“Vous voyez que je suis juste et impartial, quoique je suis reconnu, depuis 40 années, d’être le plus grand et le plus sincère Napoléonien qui existe.” And: “Vous ne pouvez concevoir à quel point les gens ici sont courtisans et plats valets; vanité et succès sont les deux mots d’ordres.… Tout marche à l’Empire.” In conclusion: “Ah! if I were rich, I would soon be in London. Here I am an exile.”
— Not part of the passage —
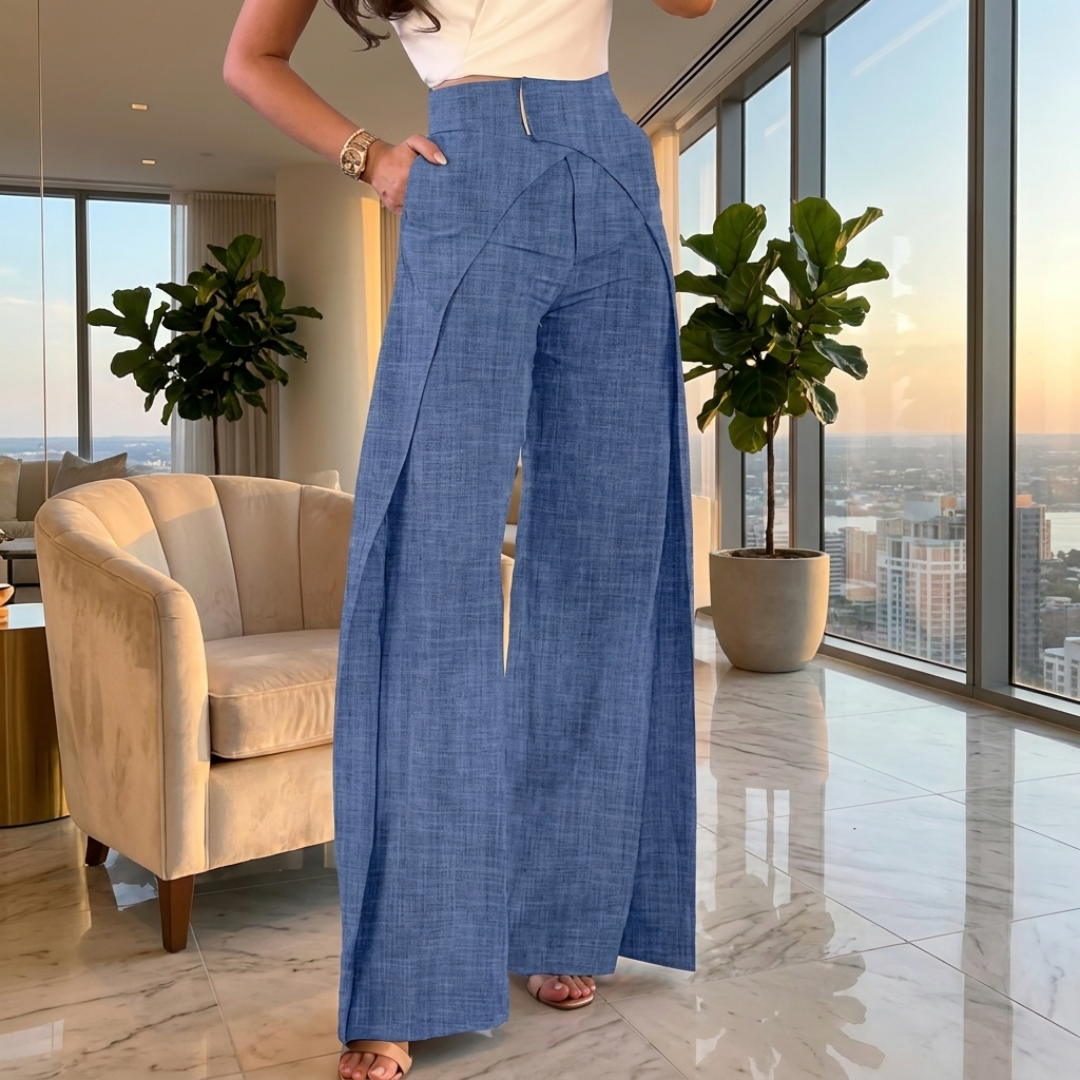 Plissé High-Waist Palazzo Trousers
A few days later he writes again to much the same purport, and says: “J’ai l’air d’être dans une opposition, parce que je n’approuve pas la route que Louis a pris pour arriver où il en est maintenant.” Who can doubt that Louis Napoleon blundered in not asking for and accepting D’Orsay’s advice? But then it was natural that he should not have done so; the little seldom care to accept the aid of the great.


XXIX
DEATH

In the early part of 1852 a trouble of the spine became apparent, causing poor D’Orsay much pain and sickness, which he bore with admirable and uncomplaining patience. In July the doctors ordered him to Dieppe, whither he went accompanied by the faithful Misses Power; but it was too late; death was evidently at hand. At the end of the month he returned to Paris, to die.

On 2nd August, the Archbishop of Paris visited him, and on parting, embraced him, saying: “J’ai pour vous plus que de l’amitié, j’ai de l’affection.” The next day he received the last consolations of the Church at the hands of the curé of Chambourcy.

Madden had visited him during his last weeks, and has left a strange account of an interview with him, which must be quoted verbatim:—

“The wreck only of the beau D’Orsay was there.

“He was able to sit up and walk, though with difficulty and evidently with pain, about his room, which was at once his studio, reception room, and sleeping apartment. He burst out crying when I entered the room, and continued for a length of time so much affected that he could hardly speak to me. Gradually he became composed, and talked about Lady Blessington’s death, but all the time with tears pouring down his pale wan face, for even then his features were death-stricken.